Caption-style text data:
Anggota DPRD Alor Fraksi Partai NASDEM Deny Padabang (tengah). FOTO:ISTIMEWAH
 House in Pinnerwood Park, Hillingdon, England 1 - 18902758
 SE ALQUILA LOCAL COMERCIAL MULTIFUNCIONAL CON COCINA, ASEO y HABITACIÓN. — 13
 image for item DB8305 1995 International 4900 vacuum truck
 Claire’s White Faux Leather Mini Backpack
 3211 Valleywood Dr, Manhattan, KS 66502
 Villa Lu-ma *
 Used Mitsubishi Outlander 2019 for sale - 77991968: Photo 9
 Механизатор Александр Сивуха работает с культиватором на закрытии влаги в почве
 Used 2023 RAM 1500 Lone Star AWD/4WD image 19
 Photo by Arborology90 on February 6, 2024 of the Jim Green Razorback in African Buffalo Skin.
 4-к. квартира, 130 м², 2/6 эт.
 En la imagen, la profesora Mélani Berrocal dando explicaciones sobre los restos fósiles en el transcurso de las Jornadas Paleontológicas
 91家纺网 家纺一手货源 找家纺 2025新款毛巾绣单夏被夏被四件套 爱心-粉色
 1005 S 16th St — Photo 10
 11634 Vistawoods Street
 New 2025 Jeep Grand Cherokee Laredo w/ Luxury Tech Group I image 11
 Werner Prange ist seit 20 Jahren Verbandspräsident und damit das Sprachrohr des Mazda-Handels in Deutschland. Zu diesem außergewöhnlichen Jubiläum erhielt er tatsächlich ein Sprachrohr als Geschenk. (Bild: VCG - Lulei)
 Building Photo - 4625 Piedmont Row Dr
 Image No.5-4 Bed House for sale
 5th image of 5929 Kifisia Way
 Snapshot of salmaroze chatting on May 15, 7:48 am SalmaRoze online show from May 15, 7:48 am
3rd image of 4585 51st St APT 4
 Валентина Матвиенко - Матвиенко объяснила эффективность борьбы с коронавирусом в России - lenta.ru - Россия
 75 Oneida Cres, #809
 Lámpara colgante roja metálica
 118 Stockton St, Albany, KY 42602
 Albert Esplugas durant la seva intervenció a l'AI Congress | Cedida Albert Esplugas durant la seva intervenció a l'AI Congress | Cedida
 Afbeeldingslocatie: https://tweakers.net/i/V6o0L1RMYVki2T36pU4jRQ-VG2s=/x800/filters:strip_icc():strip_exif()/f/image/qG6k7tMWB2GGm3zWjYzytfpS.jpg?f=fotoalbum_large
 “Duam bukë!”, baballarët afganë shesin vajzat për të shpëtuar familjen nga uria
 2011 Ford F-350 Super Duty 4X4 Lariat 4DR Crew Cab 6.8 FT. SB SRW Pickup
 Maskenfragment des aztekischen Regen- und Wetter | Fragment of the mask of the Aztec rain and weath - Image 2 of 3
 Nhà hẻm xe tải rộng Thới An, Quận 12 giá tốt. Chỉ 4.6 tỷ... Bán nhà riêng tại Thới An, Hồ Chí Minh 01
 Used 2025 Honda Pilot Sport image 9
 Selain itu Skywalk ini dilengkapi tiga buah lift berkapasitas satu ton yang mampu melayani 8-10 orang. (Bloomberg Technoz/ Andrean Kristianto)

> **Prompt**
Restate word for word each line of the data from the one with "Nhà hẻm xe tải" to the last, keeping both ends.

> **Response for this exercise**
 Nhà hẻm xe tải rộng Thới An, Quận 12 giá tốt. Chỉ 4.6 tỷ... Bán nhà riêng tại Thới An, Hồ Chí Minh 01
 Used 2025 Honda Pilot Sport image 9
 Selain itu Skywalk ini dilengkapi tiga buah lift berkapasitas satu ton yang mampu melayani 8-10 orang. (Bloomberg Technoz/ Andrean Kristianto)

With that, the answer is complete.